Administration Wants To Scale Back Real ID Law
The Washington Post is running a story on the Obama Administration's attempt to get a scaled-back version of Bush's Real ID program passed and implemented. We've been discussing the Real ID program from its earliest days up through the states' resistance to its "unfunded mandate." "Yielding to a rebellion by states that refused to pay for it, the Obama administration is moving to scale back a federal law passed after the Sept. 11 terrorist attacks that was designed to tighten security requirements for driver's licenses... Homeland Security Secretary Janet Napolitano wants to repeal and replace the controversial, $4 billion domestic security initiative known as Real ID... The new proposal, called Pass ID, would be cheaper, less rigorous, and partly funded by federal grants, according to draft legislation that Napolitano's Senate allies plan to introduce as early as tomorrow. ...the Bush administration struggled to implement the 2005 [Real ID] law, delaying the program repeatedly as states called it an unfunded mandate and privacy advocates warned it would create a de facto national ID."
The fundamental issue to having reliable, un-forged ID cards has nothing to do with federal standards. Instead it has everything to do with the drinking age. As long as the legal drinking/smoking ages are higher than the age at which an individual can figure out who to make/get a fake ID, there will be no security provided by an ID card. This is why having a passport actually makes sense. no one goes to the bar on their passport (foreign exchange students aside.) So, a good fake DL can be obtained for $100 near almost any college campus... but a good fake Passport? I'm not sure I'd even know where to begin asking for one, since I'm not a spook. This is of course predicated on the idea that you even believe having a reliable ID card system is a 'good' thing... That is a point that basically can't be argued, either you're for or against it based on a ideological differences. But until the policy makers acknowledge the issue of technical standards being circumvented by clever 15 - 19 year olds every year as technology improves, no standard that they propose will have the effects they think they want.

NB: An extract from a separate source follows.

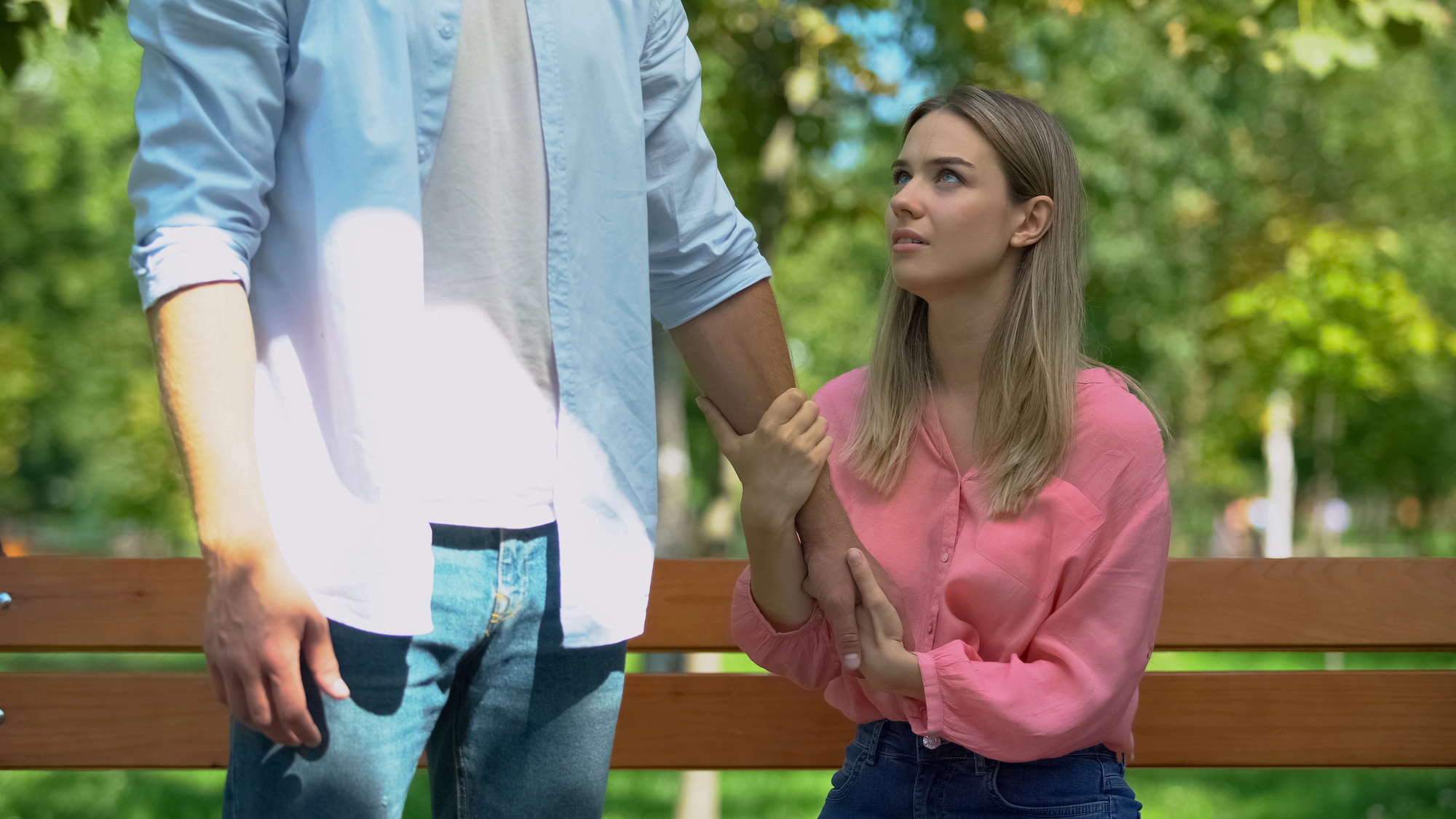 A woman in a pink blouse sits on a bench, holding onto the arm of a standing man in a blue shirt and white t-shirt. She is looking up at him with a concerned expression. The background includes trees and greenery, indicating a park setting.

I have carried a one inch blade with me every time I've flown. It always passes without question, even though I put it in plain view in the X-ray bin. The I think the reason is it doesn't look like a knife so they miss it (human nature being what it is and they having to scan thousands of passengers a day). But then again, there was one time a screener picked it up, inspected it and put it back in the X-ray bin without a question. So maybe it's not that they just keep missing it.